REQUIRED WORK » Repeat the data exactly, leaving out any image.

(Caption-style text data)

|---|

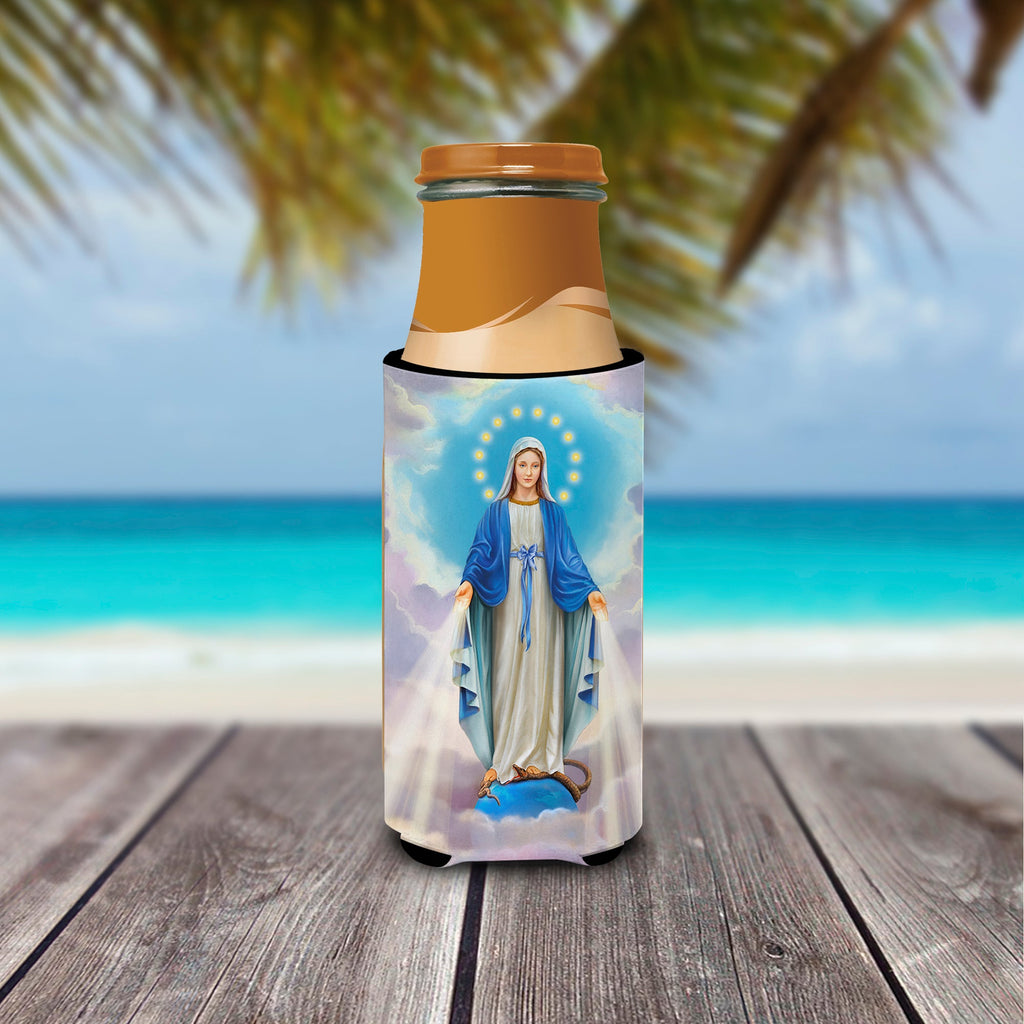 Religious Blessed Virgin Mother Mary Slim Can Hugger , Insulated Foam Hugger for 12 oz Slim Cans, Beer Bottles & Water Bottles, Printed in USA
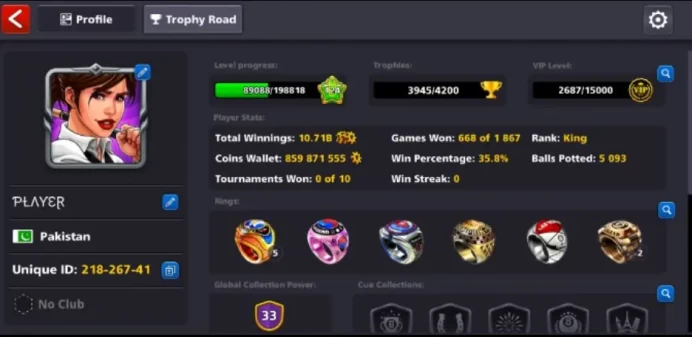 1 Billion Coins | 8 Digits Unique Level 124 Miniclip Password Changeable Warning
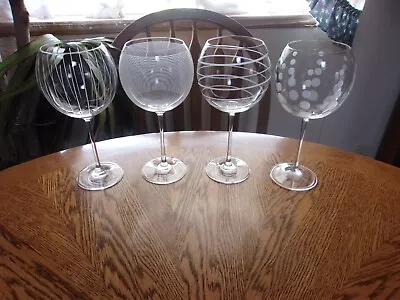 Mikasa Cheers Balloon Crystal Clear Stem 9  Signed  - Set Of 4 • $34.99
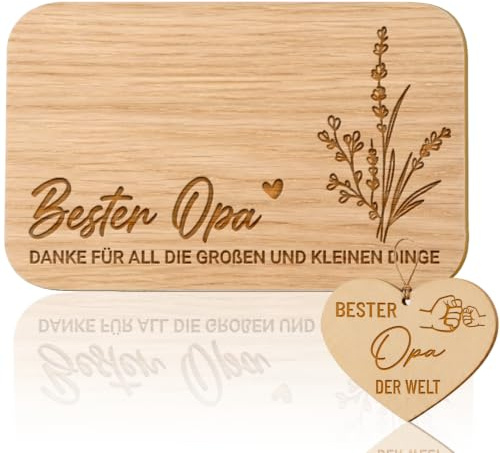 Opa Geschenk, Geburtstagsgeschenk für Opa Frühstücksbrettchen mit Gravur | Geburtstag Weihnachten Muttertag Ostern Valentinstag Danke Geschenk für Bester Opa, Brotzeitbrett Herz Set für Männer
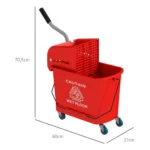 20 L Mopp-Eimer mit Auswringer und Griff, Wischmopp-Eimer auf Rädern, Kunststoff, Rot 3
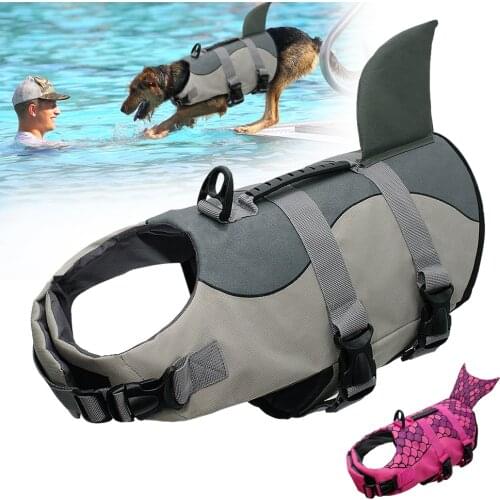 Dog Life Jacket Pet Jacket Vest Dog Lifesaver Shark Vests Dog Safety Clothes Swimming Suit For Swimming Pool Beach Boating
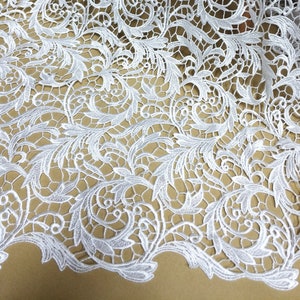 Off White Wedding Fabric, Crochet Hollow Leaf Lace Fabric, Venice Guipure Heavy Lace Fabric For Bridal Dress, Wedding Gown, Houte Couture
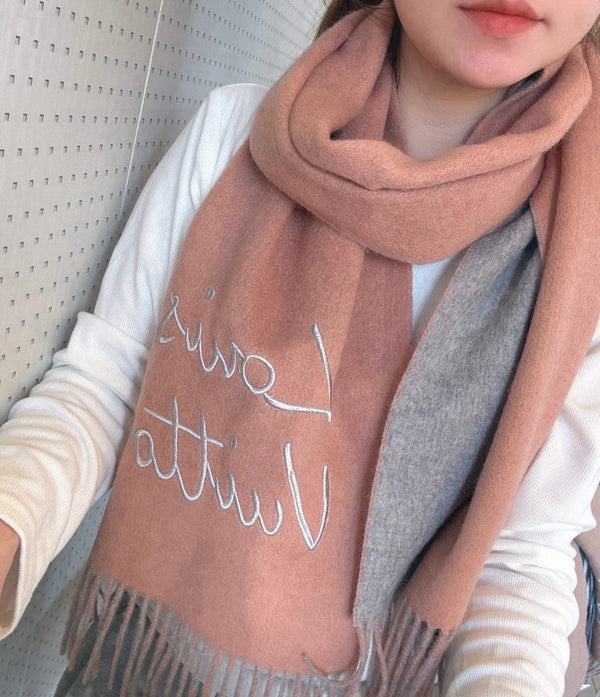 LV Scarf 180cm Double-Sided Sheep Wool 838268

|---|

WRITTEN RESPONSE »
 Religious Blessed Virgin Mother Mary Slim Can Hugger , Insulated Foam Hugger for 12 oz Slim Cans, Beer Bottles & Water Bottles, Printed in USA
 1 Billion Coins | 8 Digits Unique Level 124 Miniclip Password Changeable Warning
 Mikasa Cheers Balloon Crystal Clear Stem 9  Signed  - Set Of 4 • $34.99
 Opa Geschenk, Geburtstagsgeschenk für Opa Frühstücksbrettchen mit Gravur | Geburtstag Weihnachten Muttertag Ostern Valentinstag Danke Geschenk für Bester Opa, Brotzeitbrett Herz Set für Männer
 20 L Mopp-Eimer mit Auswringer und Griff, Wischmopp-Eimer auf Rädern, Kunststoff, Rot 3
 Dog Life Jacket Pet Jacket Vest Dog Lifesaver Shark Vests Dog Safety Clothes Swimming Suit For Swimming Pool Beach Boating
 Off White Wedding Fabric, Crochet Hollow Leaf Lace Fabric, Venice Guipure Heavy Lace Fabric For Bridal Dress, Wedding Gown, Houte Couture
 LV Scarf 180cm Double-Sided Sheep Wool 838268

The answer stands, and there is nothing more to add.